Not STEM — STEAMED

Everyone talks about how we need to really emphasize STEM in the classroom and school environment — Science, Technology, Engineering , Mathematics.  The notion is that we can educate our way into a new kind of economy, if only we emphasize the right things.

But STEM misses the larger conversation.

The power combo is really STEAMED.  If you really want to heat up American Education as an institution, then let’s take a look at how to get it operating under its own STEAM. Then our students will really be STEAMED.

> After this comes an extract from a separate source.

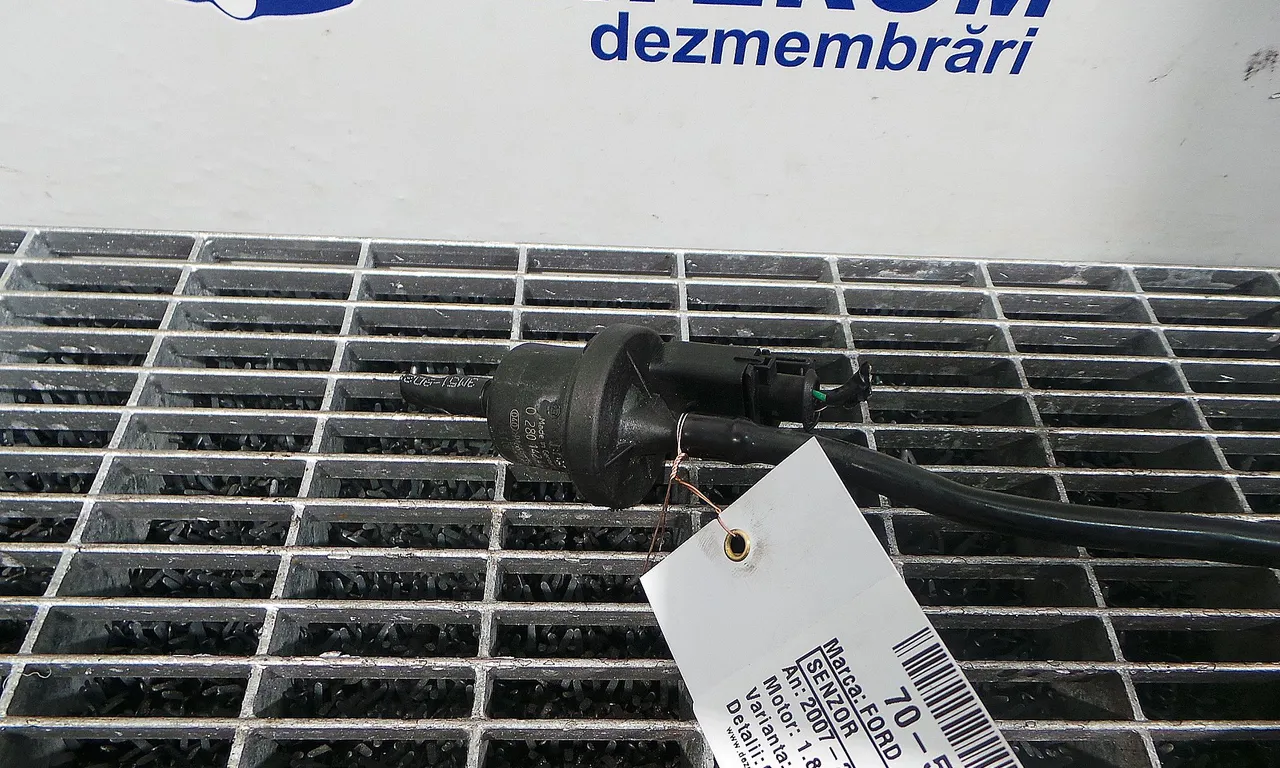 SUPAPA VACUUM FORD C-MAX 2007-2010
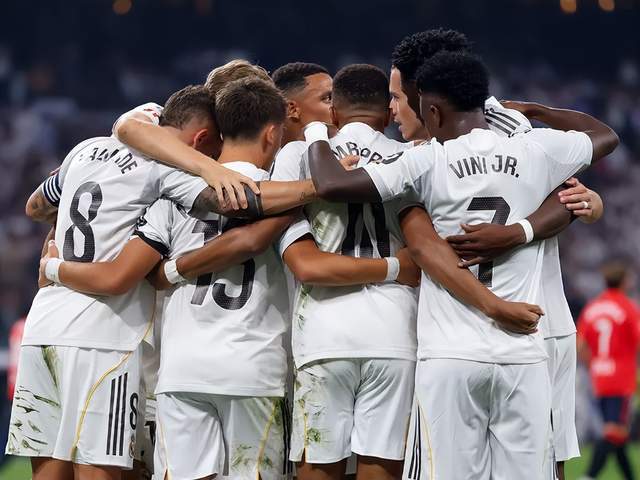 星空体育足球直播-欧冠打响宿命之战！皇马赢球=直通16强：还将决定穆帅命运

By STEAMED, of course, I mean an educational curriculum that emphasizes

  • Science
  • Technology
  • Engineering
  • Arts
  • Mathematics
  • Entertainment
  • Design
By science, here, I mean a rigorous experimental curriculum: grounding in the scientific method, a lot of laboratory work, chemical experimentation, and an awareness on how to replicate results from others’ original work, and how to perform both open-ended and applied research.  We’ll need curated ‘journals’ — websites, really, of student lab books and research reports.  We’ll need a massive range of investment from and collaboration with science programs at colleges and universities, to equip high school and junior high labs with the base equipment of a modern science curriculum — so that kids can perform work of replication and testing.
Technology is a different matter.  As Doug Coupland and others have written, kids have a choice to program or be programmed.  We should find ways for students to learn how to program computers, not just be end-users.
Engineering requires a similar investment.  From what I saw in California and elsewhere, you can’t run a strong engineering program without materials.  Even if it’s just popsicle sticks, you need to be able to provide students with knives, saws, glue guns, string, and popsicle sticks to build and construct their ideas, and test them.  My friend Daniel said, “people who think you can imagine your way into being an engineer are deluded.  You have to get in the garage and build stuff to see whether your idea works or not.”
Likewise, it’s time to stop giving short shrift to the Arts. Most musician kids I know are hugely involved in other kinds of projects, like debate teams and sports.  Most adult engineers and scientists I know are at least competent musicians or singers.  The exception, my friend Gene, is a competent draftsman and sketch-artist.  Visual thinkers become scientific thinkers and parts-thinkers — designers of experiments and engineers. Musicians are process-thinkers: how do we maneuver from here to the end of the song while remaining true to the desires of the original structure and the composer’s plan.  Jazz musicians are excellent improvisers within the structure of an established key.
Mathematics ties into these other disciplines. Construction of engineering gizmos and gadgets requires measurement. Science requires statistics and data analysis.  The Pythagoreans and the Renaissance artists alike new that both music and the visual arts were mathematical.
And why are schools so anti-Entertainment? Games in the 1970s like Dungeons and Dragons, Vampire, Werewolf, Traveler, and Shadowrun presaged the modern video game movement, and the rise of many of the modern ‘great writers’ like J.K. Rowling and Stephanie Meyer.  They made possible whole categories of movies and television shows.  Likewise, these games tie back into Mathematics, Engineering, and Science, through game theory and statistical analysis and even the construction of the game materials — and do I even have to emphasize how these games tie to technology?
Finally, the integration is through Design.  Design and its underlying thought processes are the foundation and crown of the modern world.  Look around you right now — your computer, the table it’s on, the chair you’re sitting in, the bag for your laptop or tablet, the phone that’s pinging you with an urgent text message, the curtains in the window, the window itself.  They’re all the product of human design and the thought processes that went into it, which themselves involve science, technology, engineering, and mathematics.
So the next time you hear about how there’s going to be a new emphasis on STEM in your school, don’t get upset.
Just get STEAMED up, and recognize how everything fits together.  Teach that.
Then you’ll be cooking with gas.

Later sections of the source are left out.